WordPress/openverse-catalog

SMK (statensmuseum) images taking too long to be validated

AetherUnbound opened this issue · 11 comments

Description

When we recently tried to enable the statensmuseum provider, searches which included results from that provider ended up timing out on the Cloudflare -> API end. After some investigation, it appears that all the urls we have for statensmuseum images are taking a significant time to return (even on HEAD requests). This is causing validation to fail for all images returned in a result set, and I believe that the API isn't able to return a response quick enough for Cloudflare.

We are going to reach out to SMK to see if they can help us rectify this issue.

Reproduction

  1. Attempt a HEAD request: time curl -I https://iip.smk.dk/iiif/jp2/KKSgb5781.tif.jp2/full/max/0/default.jpg
  2. Observe that it takes longer than our timeout of 2 seconds

Expectation

These HEAD requests should ideally be very fast, and we should ideally be able to see Statens Museum results in the API.

Additional context

Resolution

  • 🙋 I would be interested in resolving this bug.
negon commented

The links to the full versions of our IIIF images are probably taking some time, as not all 50000 images are cached.
But far from all or works has IIIF versions, and its better to use image_native and image_thumbnail fields instead.

I hope you can use the images, are you downloading them locally to openverse or linking to them?
Regards
Nikokaj from SMK

Thanks for the input @negon! We can definitely switch to the image_native and image_thumbnail fields.

For the small images we display on our search results page, for example https://wordpress.org/openverse/search/?q=byzantine, we generate and cache our own copies of the images.
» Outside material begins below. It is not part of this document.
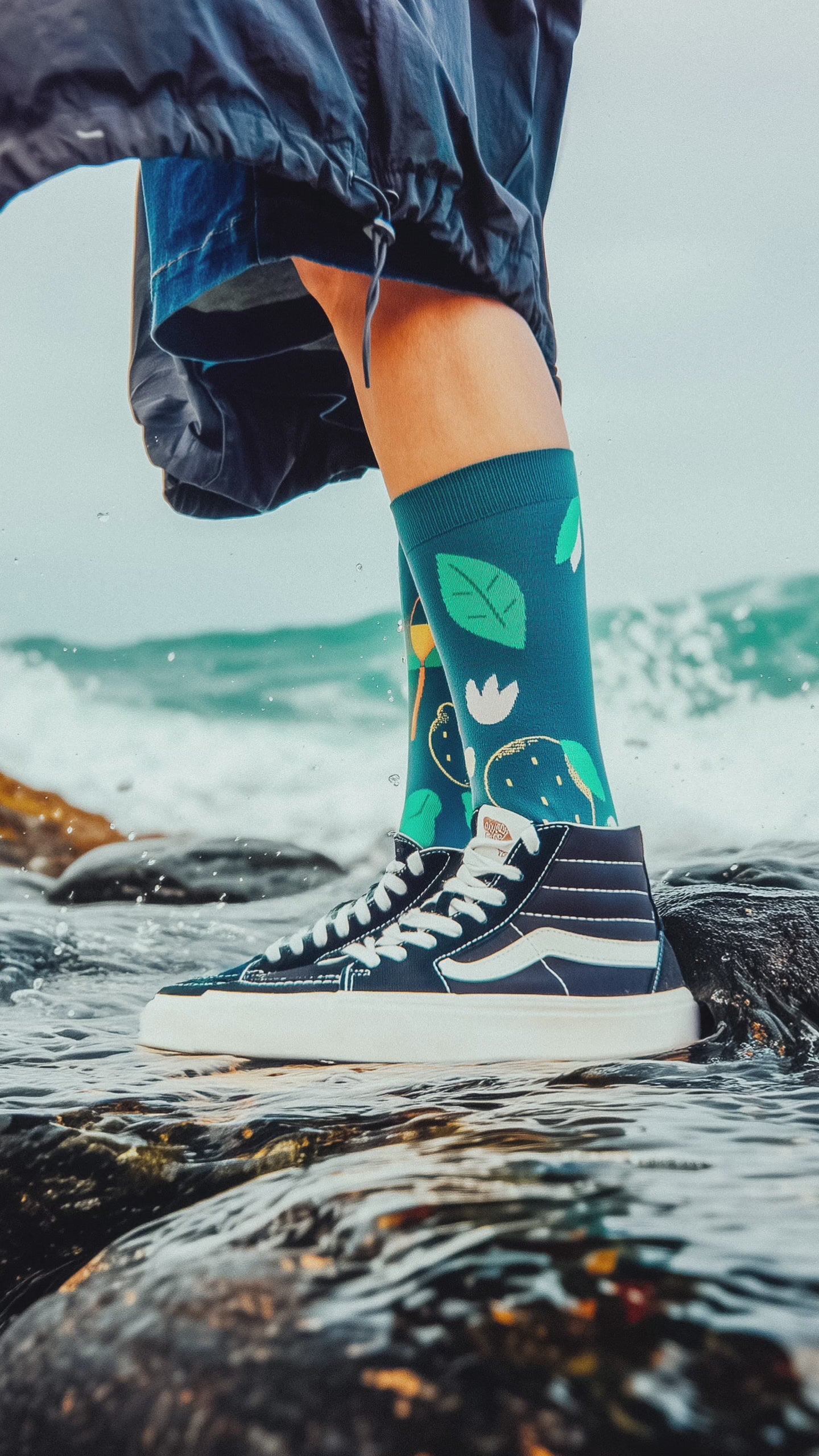 Load video: Limono Socks Lemonheads collection. Illustrated socks on trend made in Portugal. Organic combed cotton. Person wearing colorful socks and high-top sneakers on a rocky shoreline with ocean waves.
On single result pages, like https://wordpress.org/openverse/image/49ccf441-1c54-4a24-8df0-c76d40767303, we link directly to the source.

Are there particular sizes from your thumbnail endpoints that are most likely to be cached? One more question—how does the Open SMK site determine which images to use? For example, I see this page uses this url:

https://iip-thumb.smk.dk/iiif/jp2/kksgb20980.tif.jp2/full/!2048,/0/default.jpg

while this page

uses the following url:

https://api.smk.dk/api/v1/thumbnail/13a529da-10a7-4837-ae06-66be94473036.jpg

negon commented

The issue with images is that there are HQ images and "legacy" images.
The HQ ones are also the ones that are IIIF enabled and therefore have a iiif-thumbnail link (iip-thumb.smk.dk), while the legacy images are taken directly from the collection database and have the none iiif thumbnail link (api.smk.dk)
And unfortanately we cant control the legacy ones. And they have very different qualities.

Ah, I see! Is image_hq the way to detect if an image is legacy then?

negon commented

yes!

@AetherUnbound Can you confirm this issue's prioritization?

Yes, I believe this is still high priority. We have Staten Museum data but we're unable to use it as a result of this, since doing so slows the API responses.

Okay, should it be slated for a milestone then? The definition of high we have on the issue label description is that it is blocking something else. I suppose this blocks using the provider we've set up otherwise?

negon commented

Please say if we can help in any way.
@AetherUnbound do you mean that our data slows your API down?

I believe it's because of what you mentioned in the comment above, @negon, that the images aren't cached so the HEAD request times out.

We make HEAD requests to filter for "dead" images in our API, and it seems that the requests to validate the Statens Museum images take too long and exceed our timeout of 2 seconds.

https://github.com/WordPress/openverse-api/blob/a7955c86d43bff504e8d41454f68717d79dd3a44/api/catalog/api/utils/validate_images.py#L36-L39

Based on the information you shared with Zack, it seems like this is actually a catalog issue, not an API issue, as the API is not using the most-optimized (or even correct/existing) resource? Based on the code in our catalog we are unconditionally assuming that iiif versions exist for images, so that could be the issue here:

https://github.com/WordPress/openverse-catalog/blob/88322d2da852324f1147417ff8da332721a9002a/openverse_catalog/dags/providers/provider_api_scripts/staten_museum.py#L0-L1

All of that amounts to me thinking this is a catalog issue rather than API, so I'll transfer it. If I'm wrong @AetherUnbound and @zackkrida y'all can transfer it back with how it should be fixed in the API.

Yes, the work necessary in WordPress/openverse#1673 should fix this problem.